Searchable abstracts of presentations at key conferences in endocrinology
Endocrine Abstracts (2014) 34 P414 | DOI: 10.1530/endoabs.34.P414

SFEBES2014 Poster Presentations Thyroid (51 abstracts)

Audit of thyroid surgery outcomes for benign thyroid disease at west Hertfordshire hospitals NHS trust 2010–2012

Sajini Wijetilleka , Edouard Mills , Ana Pokrajac & Julia Ostberg


West Hertfordshire Hospitals NHS Trust, Hertfordshire, UK.

Background: Surgery has a significant role in the management of benign thyroid disease, necessitating pre-operative evaluation and appreciation of possible complications. These include hypoparathyroidism and hypothyroidism. We compared outcomes of our benign thyroid disease patients requiring surgery to national standards set by the British Thyroid Association.

Method: Outcomes for patients operated between December 2010 and December 2012 with benign disease within our Trust were audited.

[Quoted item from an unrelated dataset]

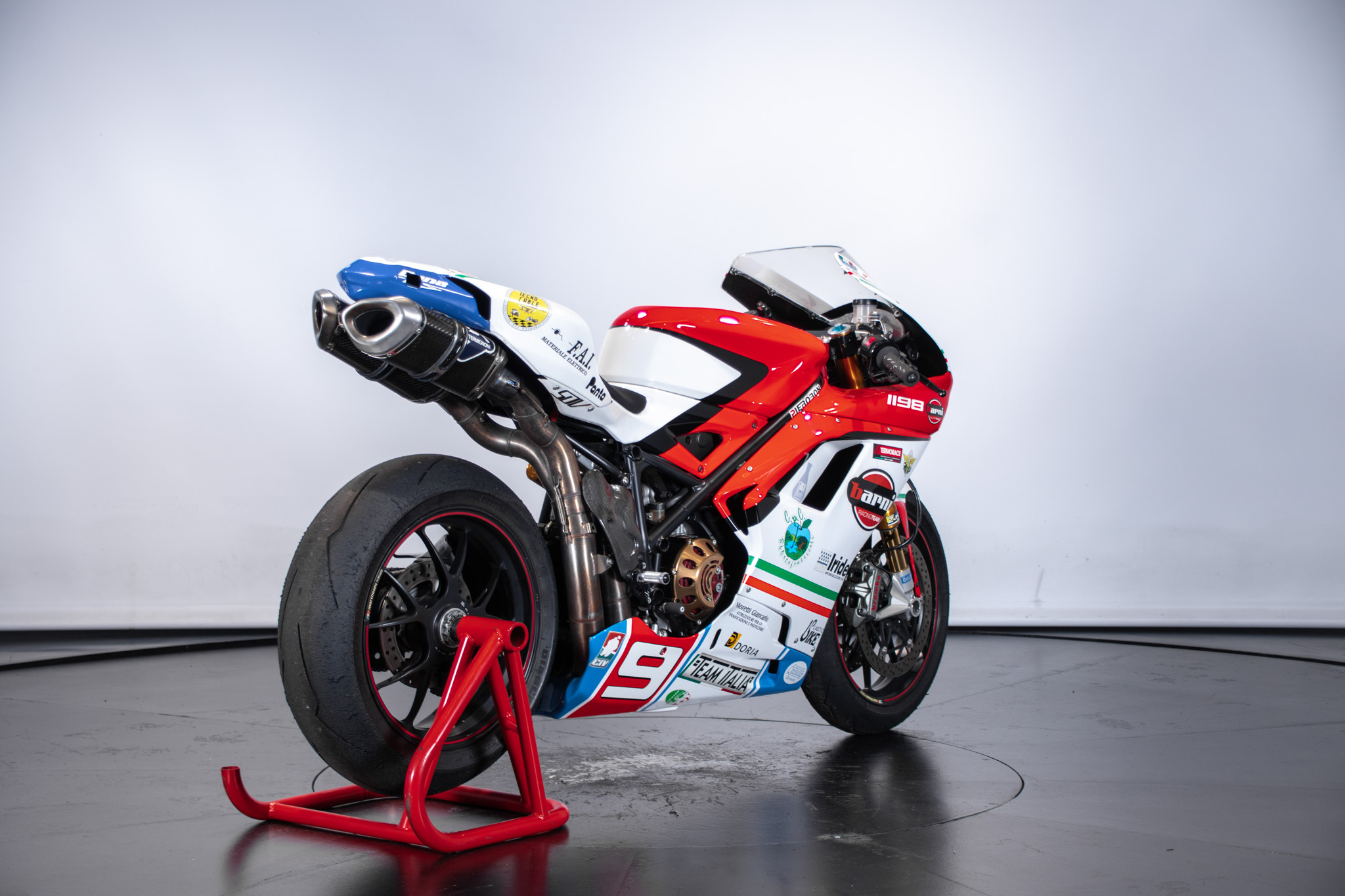 Ducati 1198 Barni Racing Ufficiale - Ex Danilo Petrucci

Results: Sixty-one patients underwent thyroid surgery (62% were physician referrals) including 54 females and seven males (mean ages 49 and 55 years respectively). Procedures performed included hemi-thyroidectomy (31/61), total thyroidectomy (13/61), subtotal thyroidectomy (15/61), completion thyroidectomy (1/61) and thyroglossal cyst excision (1/61). In the majority, surgery was indicated for clinical reasons (51/61), including multi-nodular goitre (33/61), Graves’ disease (12/61), toxic nodule (3/61) and Thy3a/f disease (3/61). Pre-operative imaging was arranged in 55/61 patients. Thyroid status at the time of surgery, included euthyroid (42/61), hyperthyroid (17/61) and hypothyroid (2/61). Operative histology confirmed benign disease in 60/61 patients and one incidental focus of papillary carcinoma in the remaining patient. No early complications (within 6 post-operative months) were experienced in 35/61 patients. Early complications included hypocalcaemia (13/61), haematoma formation (4/61 with three patients requiring revision operations), wound infection (2/61), recurrent laryngeal nerve injury (7/61 although not persisting after 6 months) and hypothyroidism (12/61). Late hypocalcaemia was present in 9/61 patients, requiring treatment with calcium alone (1/9) or combined with hydroxylated vitamin D derivatives (8/9). All patients hyperthyroid pre-operatively were cured.

Conclusion: Compared with the national average, our early hypocalcaemia rate is less (21.3 vs 30%) but our late hypocalcaemia rate is greater (14.8 vs 10%). Endocrinologists and thyroid surgeons at our trust will collaborate to form a standardised care pathway for all thyroid surgery patients, to include referral to endocrinology for all patients with abnormal pre-operative thyroid function.